Without naming Tesco, Unilever’s chief financial officer has said that he expects the price dispute between the two that has caused dozens of its household brands to be pulled from stores to be settled “really quickly”.
Speaking to analysts this morning (13 October) on the company’s quarterly earnings call, the FMCG firm's financial chief Graeme Pitkethly explained that price increases to offset its own higher costs due to the drop in sterling are a normal part of doing business. His business had demanded Tesco raise prices to help it cover a spike in outlays post-Brexit but the grocer refused and consequently pulled products like Marmite and Dove fom its site and shelves.

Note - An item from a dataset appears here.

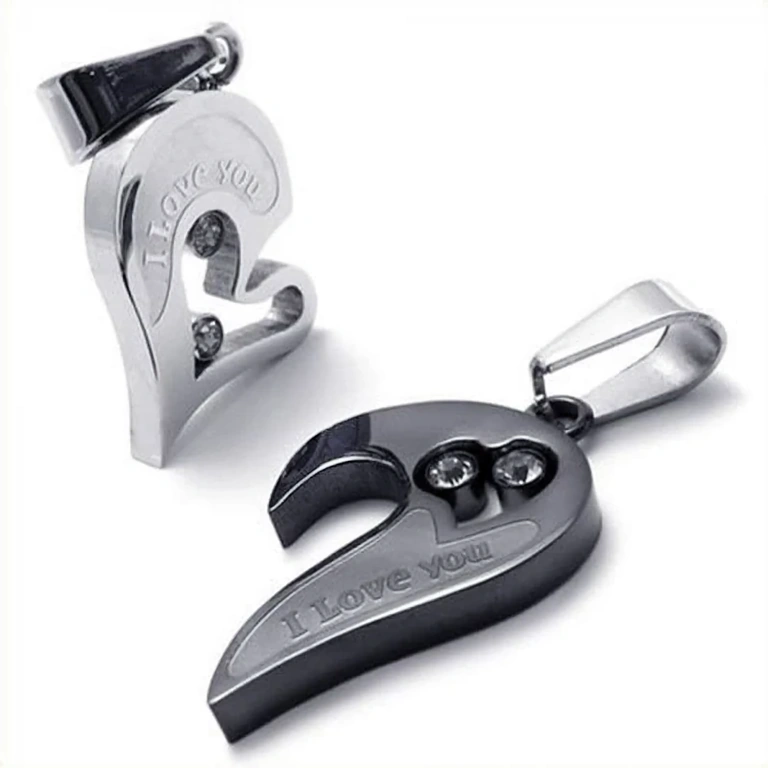 Vedhæng med to hjerter til par To hjertevedhæng til forelskede par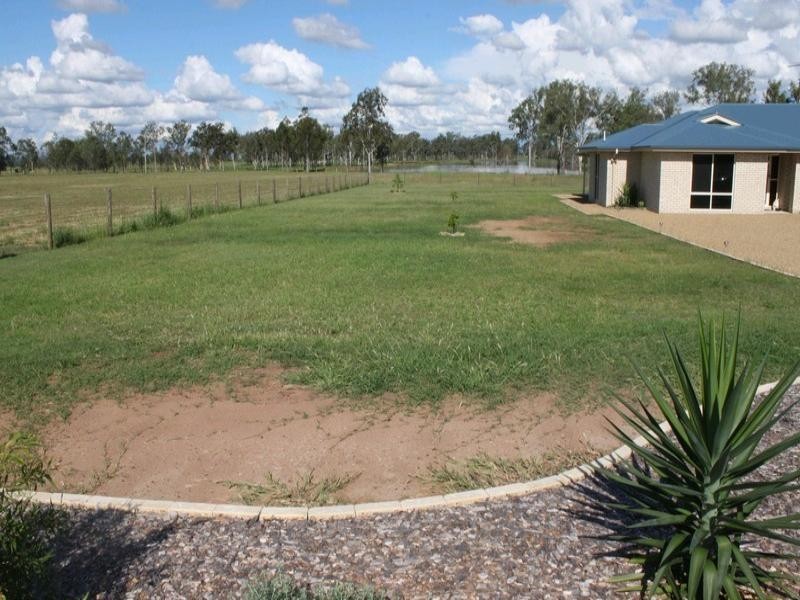 Lake Clarendon QLD 4343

Pitkethly declined to comment specifically about the row with Tesco that has garnered much media attention over the last 12 hours, but downplayed any suggestion that it would have a major impact on customers in the long-term.
“We care deeply about the customer affordability of our brands,” he explained, before suggesting that the proposed price increases were “substantially” less than it would need to fully cover its own costs. Pitkethly assured those on the call that Unilever is “confident that this situation [between Tesco] will be resolved really quickly.”
This isn’t the first time that Tesco has been at odd with a major supplier and felt forced to pull their products. Previous reports have suggested it has an uneasy relationship with Coke, as seen last year when it scrapped 25 variants of Schweppes last year after the soft drinks giant request its products be sold at higher prices.
As supermarkets attempt to control how far they fall into the price war with discount chains, then disputes with suppliers are inevitable if they are to rebuild margins.
Tesco's dispute with Unilever, while interesting in its own right, also raises broader questions about the outlook for supermarket pricing, opined Catherine Shuttleworh, founder of retail agency Savvy Marketing.
“It is worth pointing out that this is the time of year when brands and supermarkets are deep in price negotiations. Unilever will certainly not be the only brand owner that is having challenging discussions with leading supermarkets, and we expect other grocery manufacturers will be seeking to increase their wholesale prices too. What is unusual about this case is that it is being played out on the front pages.
"From Tesco's perspective, it is understandable why it is taking a firm position. First, it has invested heavily in price over the past 18 months or so. Shopper perceptions of Tesco's prices have improved and the retailer will be determined not to undo that work. Second, Tesco is likely to hold the view that the grocery retail market is highly competitive, with margins already thin. It is having to contend with discounters' expansion and the high likelihood that Asda will become increasingly aggressive on price. Tesco will have a fair idea of what impact that will have on its own margin, and few are better qualified than Dave Lewis to know what the effect might be on Unilever's.
Unilever's defense of its stance in the row Tesco were made as Pitkethly shed light on how the business would offset a “high single digit decline” in Europe, where the UK accounts for less than 5% of its global business. As it is in its other markets, Unilever is trying to offset volume declines with higher prices, which helped it post a third quarter sales growth of 3.2%, down from the 5.7% in the same period last year.